Hunt through the lines below for the string "Black" and copy each one that has it.

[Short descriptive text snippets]
══════════

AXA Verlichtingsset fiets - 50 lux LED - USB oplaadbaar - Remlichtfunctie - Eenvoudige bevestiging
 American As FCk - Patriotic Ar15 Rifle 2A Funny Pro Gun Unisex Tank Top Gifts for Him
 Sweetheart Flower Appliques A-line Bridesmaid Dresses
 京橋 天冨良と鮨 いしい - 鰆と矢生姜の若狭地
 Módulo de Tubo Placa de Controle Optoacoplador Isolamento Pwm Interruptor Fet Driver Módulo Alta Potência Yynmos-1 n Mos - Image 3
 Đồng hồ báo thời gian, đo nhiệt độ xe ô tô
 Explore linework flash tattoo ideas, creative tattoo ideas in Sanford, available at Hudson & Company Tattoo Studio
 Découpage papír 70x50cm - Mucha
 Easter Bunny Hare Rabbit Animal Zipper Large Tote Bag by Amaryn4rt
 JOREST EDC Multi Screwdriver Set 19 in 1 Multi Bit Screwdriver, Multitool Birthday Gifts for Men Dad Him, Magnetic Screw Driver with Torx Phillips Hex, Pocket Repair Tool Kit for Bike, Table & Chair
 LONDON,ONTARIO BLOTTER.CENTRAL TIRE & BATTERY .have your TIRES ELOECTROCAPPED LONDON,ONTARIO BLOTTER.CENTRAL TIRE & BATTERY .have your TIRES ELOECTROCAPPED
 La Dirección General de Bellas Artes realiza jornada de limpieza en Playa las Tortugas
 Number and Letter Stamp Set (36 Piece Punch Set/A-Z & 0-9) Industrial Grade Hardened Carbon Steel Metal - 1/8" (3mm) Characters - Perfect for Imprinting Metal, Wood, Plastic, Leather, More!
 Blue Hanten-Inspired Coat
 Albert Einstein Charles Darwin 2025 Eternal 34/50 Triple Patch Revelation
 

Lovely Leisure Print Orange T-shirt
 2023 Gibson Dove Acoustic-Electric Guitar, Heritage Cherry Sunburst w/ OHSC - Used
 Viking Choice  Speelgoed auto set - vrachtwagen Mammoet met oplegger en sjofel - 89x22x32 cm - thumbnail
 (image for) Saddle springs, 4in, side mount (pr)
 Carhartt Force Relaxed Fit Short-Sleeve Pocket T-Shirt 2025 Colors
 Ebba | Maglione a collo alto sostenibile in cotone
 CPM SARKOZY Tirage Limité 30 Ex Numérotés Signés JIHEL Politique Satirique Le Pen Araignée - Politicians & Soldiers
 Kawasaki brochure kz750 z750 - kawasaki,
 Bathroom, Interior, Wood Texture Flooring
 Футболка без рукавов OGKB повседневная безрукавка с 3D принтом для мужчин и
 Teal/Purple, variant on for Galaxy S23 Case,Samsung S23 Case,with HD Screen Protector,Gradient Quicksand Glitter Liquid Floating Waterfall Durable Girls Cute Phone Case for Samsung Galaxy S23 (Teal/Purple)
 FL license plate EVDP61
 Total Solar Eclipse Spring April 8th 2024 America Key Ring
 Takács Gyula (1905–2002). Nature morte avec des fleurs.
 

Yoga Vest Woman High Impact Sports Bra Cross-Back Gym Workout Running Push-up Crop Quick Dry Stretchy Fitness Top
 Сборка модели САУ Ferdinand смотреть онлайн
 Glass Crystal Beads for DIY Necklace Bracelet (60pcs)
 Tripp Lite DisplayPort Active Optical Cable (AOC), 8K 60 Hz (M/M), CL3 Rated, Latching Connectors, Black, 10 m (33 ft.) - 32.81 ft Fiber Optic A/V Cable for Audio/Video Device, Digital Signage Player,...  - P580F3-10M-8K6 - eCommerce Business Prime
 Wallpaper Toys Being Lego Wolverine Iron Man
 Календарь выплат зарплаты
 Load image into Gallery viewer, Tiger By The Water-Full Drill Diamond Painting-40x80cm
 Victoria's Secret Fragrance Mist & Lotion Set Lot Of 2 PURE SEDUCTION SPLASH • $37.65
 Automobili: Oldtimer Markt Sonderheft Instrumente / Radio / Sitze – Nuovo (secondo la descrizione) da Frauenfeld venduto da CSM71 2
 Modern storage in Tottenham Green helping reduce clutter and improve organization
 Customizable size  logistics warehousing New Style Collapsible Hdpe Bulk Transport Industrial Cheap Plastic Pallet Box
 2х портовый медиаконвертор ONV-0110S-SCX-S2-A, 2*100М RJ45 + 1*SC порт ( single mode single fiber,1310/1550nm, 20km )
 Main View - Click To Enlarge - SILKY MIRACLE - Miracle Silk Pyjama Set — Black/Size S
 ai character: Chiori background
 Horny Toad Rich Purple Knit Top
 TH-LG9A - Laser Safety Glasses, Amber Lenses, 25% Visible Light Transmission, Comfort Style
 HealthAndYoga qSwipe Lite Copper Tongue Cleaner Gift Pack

══════════

[Response to the task]
 Tripp Lite DisplayPort Active Optical Cable (AOC), 8K 60 Hz (M/M), CL3 Rated, Latching Connectors, Black, 10 m (33 ft.) - 32.81 ft Fiber Optic A/V Cable for Audio/Video Device, Digital Signage Player,...  - P580F3-10M-8K6 - eCommerce Business Prime
 Main View - Click To Enlarge - SILKY MIRACLE - Miracle Silk Pyjama Set — Black/Size S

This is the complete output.